# Help with shipping a tandem from CA to PA



## bkranich (May 7, 2004)

Going out on a limb here...

Anyone live near Santa Paula, CA want to help me out?

Looking at a tandem on Ebay, and it's local pickup only. It's exactly what I'm looking for, but living in PA, well, that's a bit of a commute.

Thanks!


----------



## MB1 (Jan 27, 2004)

Ask them if they would drop it off at a bike shop for you. Most bike shops box and ship regularly as a part of their daily business.


----------



## bkranich (May 7, 2004)

The seller is a business that appears to deal primarily in donated cars. I emailed them about that possibility, but I'm not sure how keen they'll be. They're pretty adamant about NO SHIPPING! We'll see. It would be ideal for my wife and our growing family.


----------



## ignacious (Aug 23, 2008)

... then is it really a bike? One that is really for sale? Do they want a money order or wire only? I'm not saying this to insult you or your intelligence, but look very suspiciously at it if there is even the slightest question in your mind. If they aren't willing to do anything with a local shipper or even negotiate anything, buyer beware. There are more than a few ebayers who targeting bike buyers with 'closeout' deals on 'last year's' bikes at steal-type prices. They know what they are talking about, also, when it comes to bikes and bike specs. I'm just sayin'...


----------



## bkranich (May 7, 2004)

ignacious said:


> ... then is it really a bike? One that is really for sale? Do they want a money order or wire only? I'm not saying this to insult you or your intelligence, but look very suspiciously at it if there is even the slightest question in your mind. If they aren't willing to do anything with a local shipper or even negotiate anything, buyer beware. There are more than a few ebayers who targeting bike buyers with 'closeout' deals on 'last year's' bikes at steal-type prices. They know what they are talking about, also, when it comes to bikes and bike specs. I'm just sayin'...

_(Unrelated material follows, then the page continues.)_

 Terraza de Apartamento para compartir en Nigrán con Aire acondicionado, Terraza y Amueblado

It's a legit auction from a legit place. I've been around Ebay, believe me. I heard back from the seller...their worry is that if they take it to a bike shop and it's damaged after the fact, they will be liable, so they don't want to get involved with having it shipped. Looks like I'm SOL.


----------



## PMK (Nov 8, 2008)

bkranich said:


> It's a legit auction from a legit place. I've been around Ebay, believe me. I heard back from the seller...their worry is that if they take it to a bike shop and it's damaged after the fact, they will be liable, so they don't want to get involved with having it shipped. Looks like I'm SOL.

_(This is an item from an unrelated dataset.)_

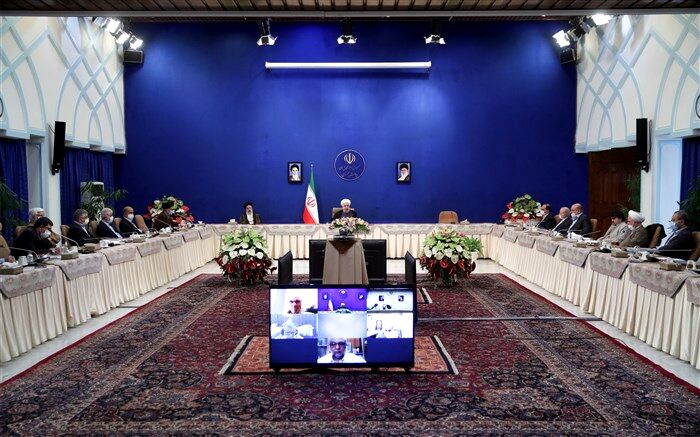 کرونا تمام نشده و حداقل تا پایان سال با آن درگیر هستیم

When we were shopping for a used tandem we looked nationwide as you are. One option, if it was the right bike at a good value was to get a cheap flight, pick it up then box it and ship it or find a means to get it home on the airline.

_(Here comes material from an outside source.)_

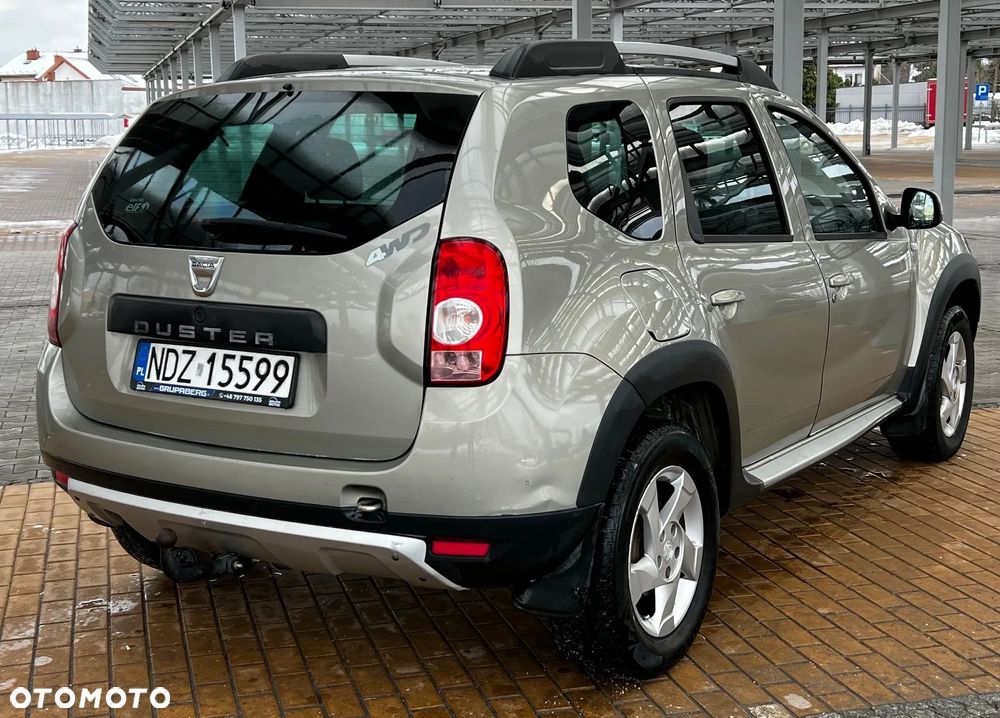 Dacia Duster 1.6 Laureate 4x4 - 3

Granted we didn't need do this as we got lucky and found ours fairly local but it was always an option.

PK


----------



## bkranich (May 7, 2004)

That'll add a couple hundred, and, well, it's out of the question.


----------



## cyclust (Sep 8, 2004)

Perhaps you could locate and call a local bike shop. and ask if they would be willing to pick the bike up, box it and ship it for you. I'd offer them enough to make it worth their while, maybe $100 in addition to their shipping costs. It would probably take a couple hours to go get the bike, bring it back to the shop and dis-assemble and ship it. If they don't have any tandem boxes lying around [they probably don't], then they may have to use 2 boxes put together, or ship the frame in 1 box and everything else in another box. Either way you are probably looking at a pretty big shipping bill, at least $100, maybe $200.


----------



## roadfix (Jun 20, 2006)

Yeah, it's a hassle for the seller. I've sold a couple single bikes on Ebay and have shipped them out but when I sold my tandem I specifically stated in my auction that this bike for local pickup only. Luckily I found a local buyer.


----------



## bkranich (May 7, 2004)

I 86'd the idea of getting it. Way too much of a PITA. The seller wouldn't hear it, even with me trying to make it worth their while. 

I figure if I look hard enough, I'll find one local-ish (within a 6-8 hour drive is about my limit) to eastern PA.


----------